## Exercise brief
Look below for the line that contains "Mug Cycopath Halloween", then quote it and all the lines after it, exactly, with the pictures left out.

## Data provided
========
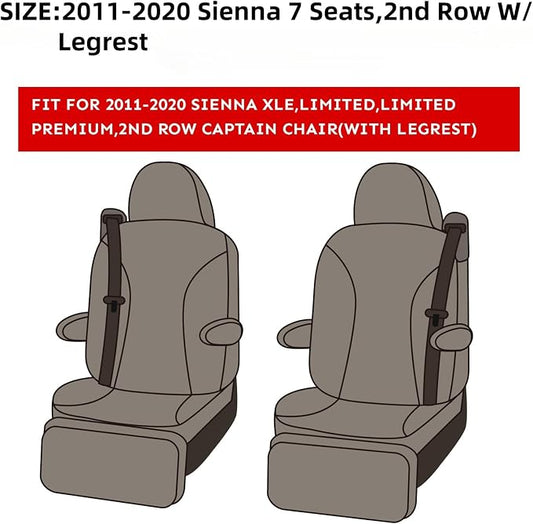 EKR Sienna Seat Covers for 2011-2020 Toyota Sienna XLE,Limited,Limited Premium,7 Seats,2nd Row Captain Seats W/Legrest,Seat Covers for SUV,Automotive Seat Cover Full Set-Three Row,Leather (Beige)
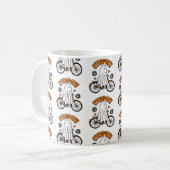 Mug Cycopath Halloween fantôme sur un vélo orange (Devant gauche)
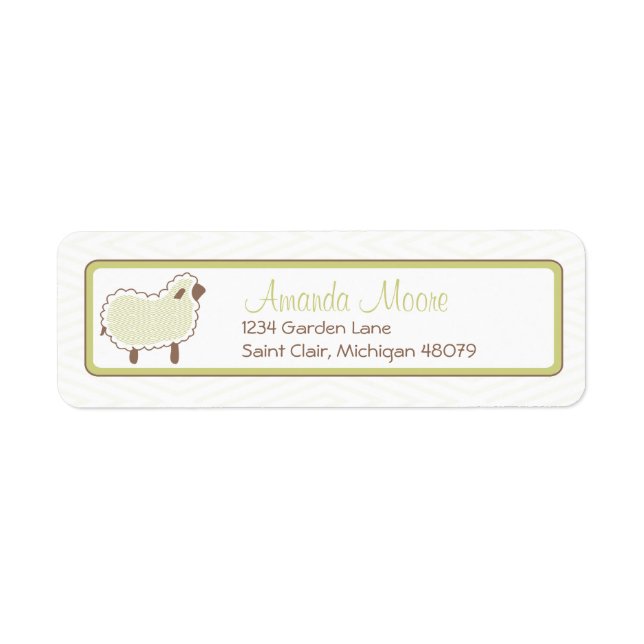 Green Little Lamb Address Label (Front)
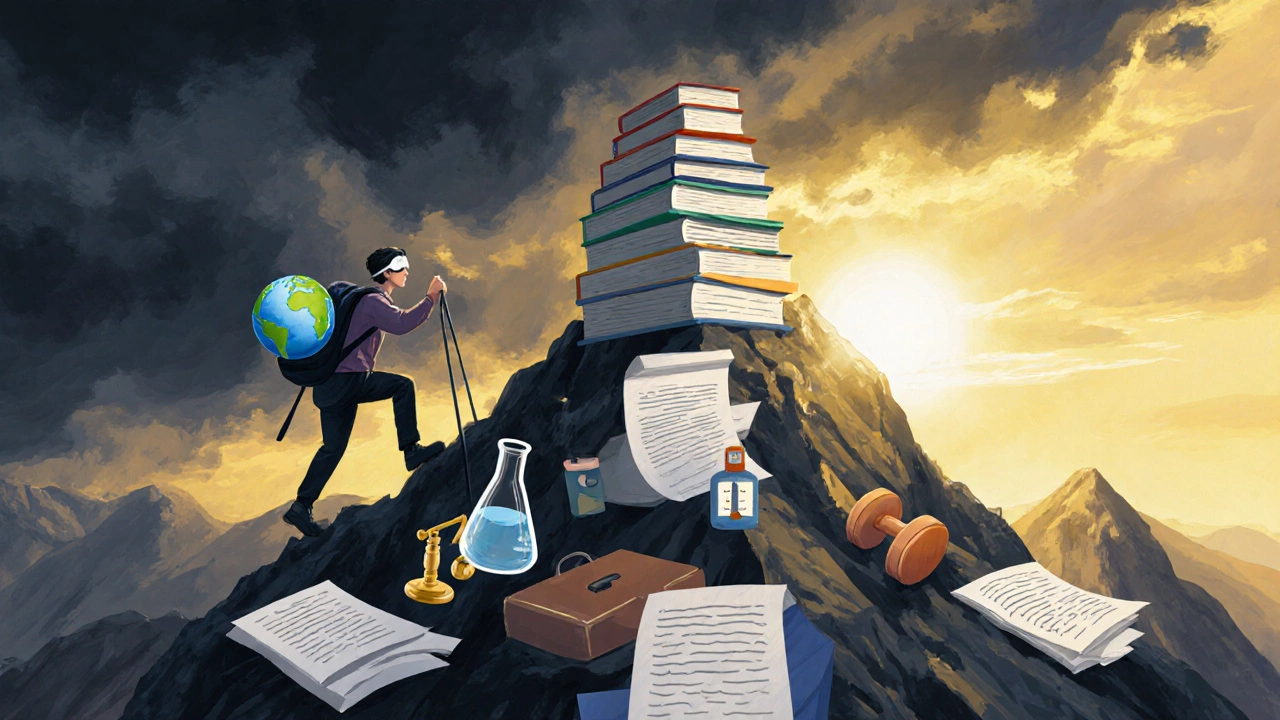 A person climbing a mountain of exam books, carrying study supplies toward a sunrise summit.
========
## Answer space
 Mug Cycopath Halloween fantôme sur un vélo orange (Devant gauche)
 Green Little Lamb Address Label (Front)
 A person climbing a mountain of exam books, carrying study supplies toward a sunrise summit.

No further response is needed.